Feature importance

edit

Feature importance values indicate which fields had the biggest impact on each prediction that is generated by classification or regression analysis. The features of the data points are responsible for a particular prediction to varying degrees. Feature importance shows to what degree a given feature of a data point contributes to the prediction. The feature importance value can be either positive or negative depending on its effect on the prediction. If the feature reduces the prediction value, the feature importance is negative, if it increases the prediction, then the feature importance is positive. The magnitude of feature importance shows how significantly the feature affects the prediction for a given data point.
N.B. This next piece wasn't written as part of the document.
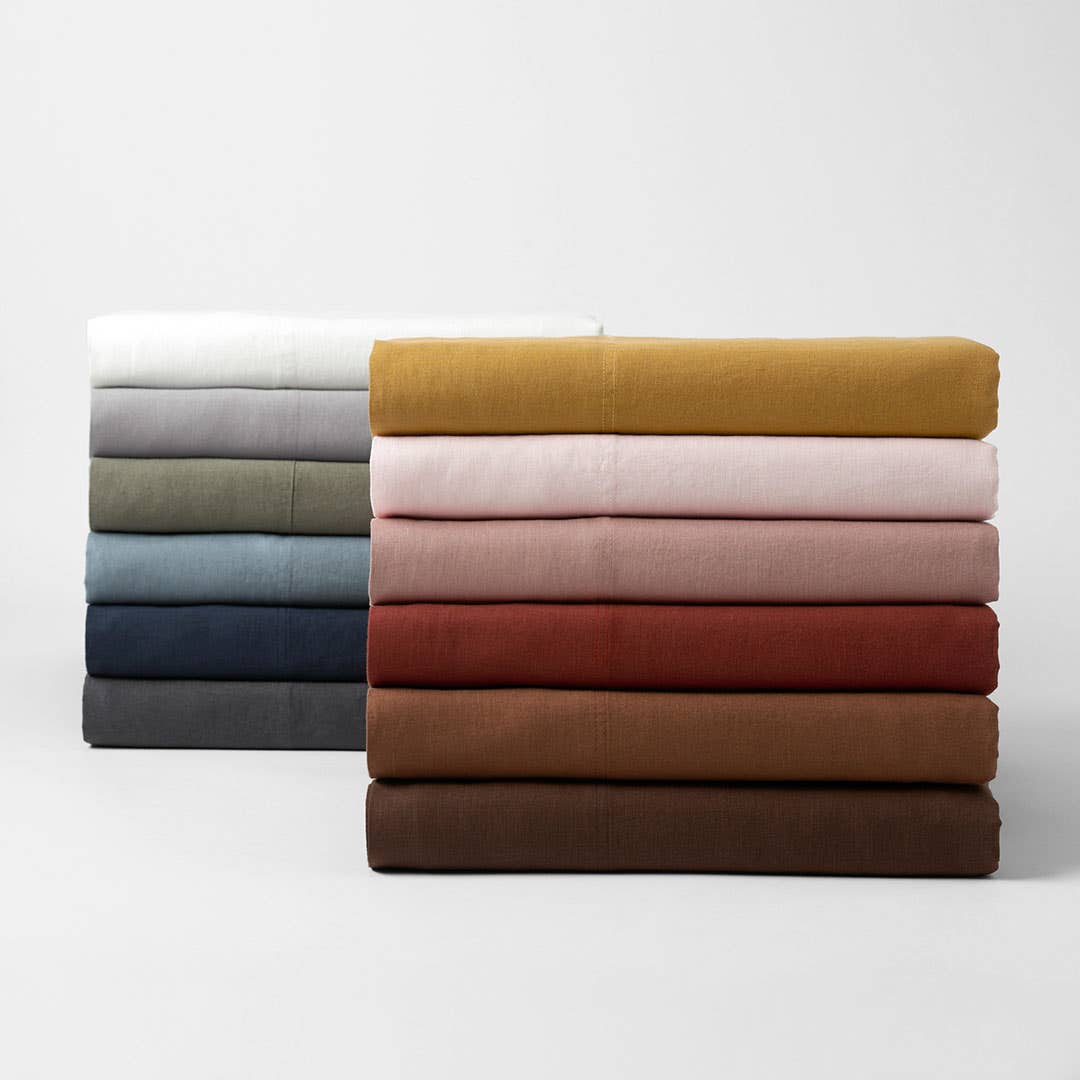 Milano Linen Sheet Set - Rose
Feature importance in the Elastic Stack is calculated using the SHAP (SHapley Additive exPlanations) method as described in Lundberg, S. M., & Lee, S.-I. A Unified Approach to Interpreting Model Predictions. In NeurIPS 2017.
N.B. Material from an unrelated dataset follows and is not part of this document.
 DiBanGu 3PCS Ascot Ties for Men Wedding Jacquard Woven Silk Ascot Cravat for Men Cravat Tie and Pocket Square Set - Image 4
By default, feature importance values are not calculated when you configure the job via the API. To generate this information, when you create a data frame analytics job you must specify the num_top_feature_importance_values property. When you configure the job in Kibana, feature importance values are calculated automatically. The feature importance values are stored in the machine learning results field for each document in the destination index.

The number of feature importance values for each document might be less than the num_top_feature_importance_values property value. For example, it returns only features that had a positive or negative effect on the prediction.